Photo
Arctic night
I took pictures in the following way. While I was heating my camera above a small stove, the deputy was waiting outdoors. When I rushed out of the door he fulfilled some actions in a very quick way: threw a lasso, for example. I had time for making several photos & the camera’s German elastic curtain got frozen. Afterwards the “Practica” camera was hung above the stove again, steamed up, dried out & the action was repeated. I wasn’t aware of many things at the time, which seem obvious to me now. For example, I didn’t know that the film shrinked, lost contrast range, veiled after frequent temperature changes. I didn’t know that our “À-2” film became as fragile as glass in the cold. Its perforations broke during the rewind. On the whole I was a self-confident, stupid lad who didn’t realize what he was doing without a “Kodak”, without an exposure meter, without a reliable camera; while the experienced press photographers weren’t eager to give me their precious advice. It was quite difficult for them to gain proficiency too.

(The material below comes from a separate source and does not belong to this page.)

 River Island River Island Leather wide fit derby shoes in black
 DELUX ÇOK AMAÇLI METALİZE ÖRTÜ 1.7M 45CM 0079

Lassoing the deer for castration.
The dusk of an Arctic night lasts for two hours. I had been leading a nomad’s life with the yukagirs for three days before I realized it was time to leave. In Moscow I managed to print a dozen of more or less decent photographs. One of them was distributed onto the centerfold. It was mounted from the photo of lassoing the deer for dinner & the photo of the moon I’d brought after my journey to Pamirs. For this publication I reproduced that collage with the help of Photoshop which left the main idea unchanged: the photo can reproduce my impressions from that journey fairly well.